A 56 year old male was transferred from a regional hospital to the intensive care ward at the Prince of Wales Hospital. He had extensive necrosis extending from the scrotum to his flank, axilla, and shoulder and spreading along his arm. He had necrotising fasciitis and was to have surgical debridement. He was too unwell for the Hyperbaric Chamber.
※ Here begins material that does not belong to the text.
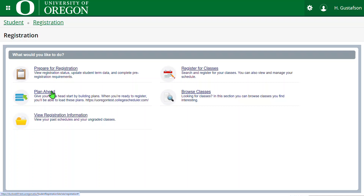The next item in the 'What Would You Like to Do' area is View Registration Information. This shares information on courses that are not yet graded when a term is selected. This is a great tool for confirming changes like grade mode, variable credit changes, or withdrawing from courses.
A full blood count was received in the laboratory. The results were as follows:
|Hb||89||RR (130-180) g/L|
|MCV||87.9||RR (80-100) fL|
|MCH||29.9||RR (26.5-33.0) pg|
|WBC||39.9||RR (3.5-11.0) x 10 9/L|
|Plats||80||RR (150-400) x 10 9/L|
The blood film showed an absolute neutrophilia with marked toxic granulation; moderate numbers of microspherocytes and thrombocytopenia. These features are classically found in Clostridium perfringens infection. This was a case of severe septicaemia and haemolysis secondary to necrotising fasciitis. See figure 1.
The term necrotising fasciitis describes a condition of rapidly spreading infection, usually located in fascial planes of connective tissue resulting in tissue necrosis. Fascial planes are bands of connective tissue that surround muscles, nerves and blood vessels. The speed with which necrotising fasciitis spreads is directly proportional to the thickness of the subcutaneous layer.
Many types of bacteria can cause necrotising fasciitis ( e.g., Group A streptococcus (Streptococcus pyogenes), Staphylococcus aureus, Clostridium perfringens, Bacteroides fragilis, Aeromonas hydrophila). The disease is classified as either Type I (polymicrobial) caused by a number of different organisms or Type II (monomicrobial) caused by a single organism. The causative organism may be aerobic or anaerobic.
The frequency of necrotizing fasciitis has been on the rise due to an increase in immunocompromised patients with diabetes mellitus, cancer, alcoholism, vascular insufficiencies, organ transplants, HIV infection and also occurs in patients with neutropenia
The mean age of a patient with necrotizing fasciitis is 38-44 years. The disease rarely occurs in children. Paediatric cases have been reported from resource-poor nations where poor hygiene is prevalent.
The patient in this case study was diagnosed with Clostridium perfringens induced necrotising fasciitis. Clostridium perfringens is a saprophytic organism inhabiting the bowel and genital tract. It has no pathological significance in the absence of clinical infection. Clostridium perfringens produces at least 12 antigenic protein toxins, the most common of which is the alpha toxin. These toxins react with lipoprotein complexes on cell surfaces, liberating potent haemolytic substances known as lysolecithins which result in cell lysis, hence the presence of microspherocytes on the blood film. This process leads to a severe haemolytic anaemia. Acute renal and hepatic failure develops leading to death in as short a period as 12 hours if not treated immediately.
The Chemistry results on this case were as follows:
|Urea||10.1 mmol/L||RR (2.9-7.1)|
|Creatinine||152 umol/L||RR (60-110)|
|Bilirubin total||47 umol/L||RR (0-25)|
|ALP||106 U/L||RR (38-126)|
|GGT||71 U/L||RR (0-50)|
|AST||89 U/L||RR (<45)|
|ALT||72 U/L||RR (<45)|
The basis of treatment is surgical debridement of necrotic tissue and antibiotic therapy. In severe infections, hyperbaric oxygen is an important adjunct in the treatment of necrotising fasciitis. Massive doses of benzyl penicillin are administered intravenously. Should the patient be allergic to penicillin, metronidazole is effective in high doses.
The patient in this case study died within 24 hours of having been admitted into the ICU ward.